Mr Justice O’Hara: The reason it’s being raised, doctor, is this: that this wouldn’t be the first time in the inquiry that we’ve been informed that certain procedures had been followed because there’s advice from medical insurance companies that statements are not taken or that certain steps are not taken. And the specific reference here to future litigation suggests that this may have been playing on your minds when the protocol was finalised.

Michael Stitt QC, for the trust, pointed out that the trust’s protocols had been drawn from the work of an authority on health service governance, Dr Miriam Lugon, which carried the same warning and did not reflect a particular culture of litigation defensiveness at Altnagelvin.
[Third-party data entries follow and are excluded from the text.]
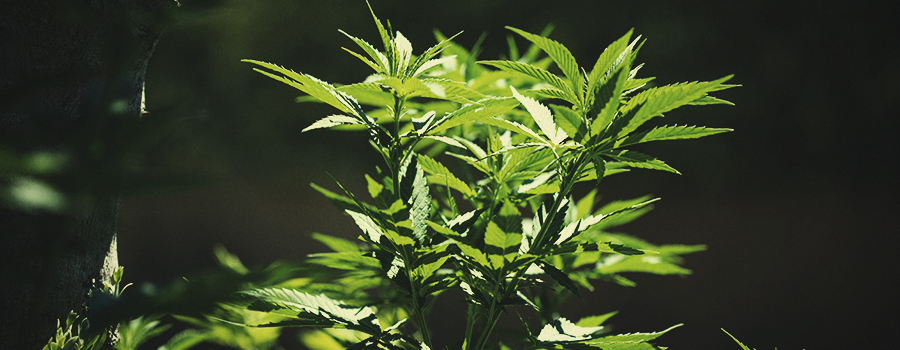 Cómo trasladar las plantas de marihuana de interior al exterior Cómo trasladar las plantas de marihuana de interior al exterior
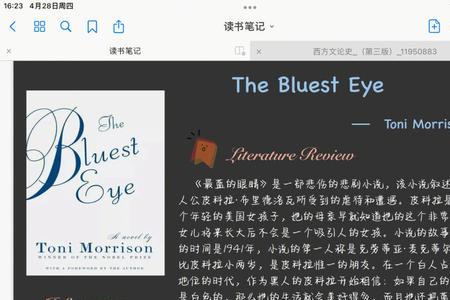 thebluesteye主要内容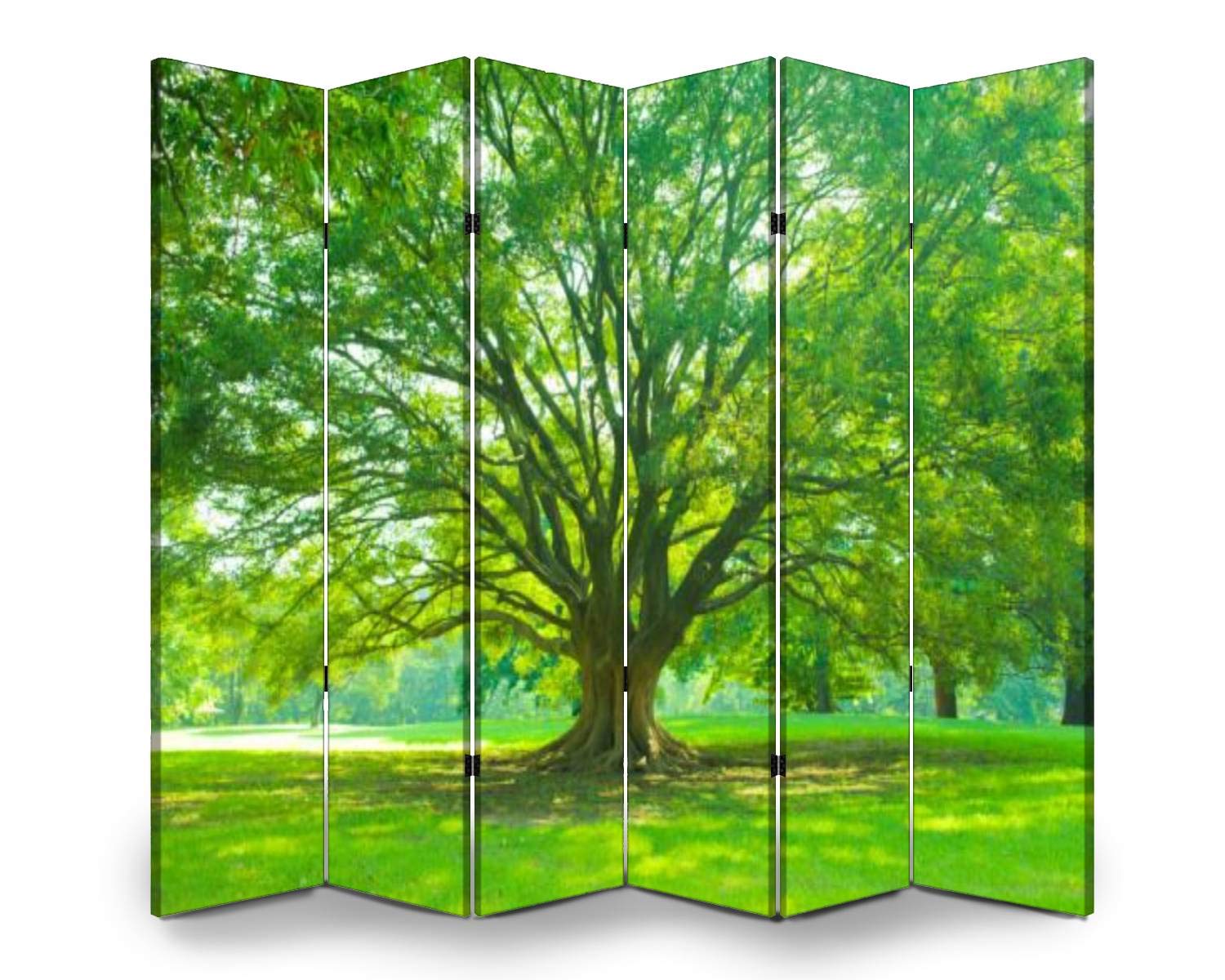 Wooden Room Divider 6-Panel Folding Privacy Screen - Dual-Sided Canvas Partition for Home Office, Bedroom & Living Room | Indoor Decorative Wall Divider with Display Shelves | Perfect for Space Separation & Morning Park Decor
Mr Justice O’Hara: But surely the point, Mr Stitt, is that the fact that Dr Lugon’s writing along these lines emphasises the culture of litigation defensiveness. Because if you’re writing a book, which is effectively a governance book, and you as the author of that book are dealing with potential for litigation, and in effect what this is saying is: ‘look, if you didn’t have this review system and the claims manager took a statement from a member of staff, that would be privileged’; now, if you’re going to take a statement in the context of a critical incident review within the hospital, there will be a debate about what the dominant purpose of the statement is, whether it’s for litigation purposes or whether it’s for review purposes – and what Dr Lugon appears to be saying here is: ‘the notion of privilege may be challenged, and in the event the information gathered will have to be disclosed’; so what Dr Lugon is emphasising is the risk of litigation and, in the context of the risk of litigation, there is the potential for critical incident review statements to be discoverable. And that being the case, you may consider whether to conduct your critical incident review on the basis that you don’t necessarily take statements because they may become known, in this case to the Ferguson family. Your point is that it isn’t just Altnagelvin which is defensive, I’ll take that point, but what this is identifying is the rampant culture in the Health Service.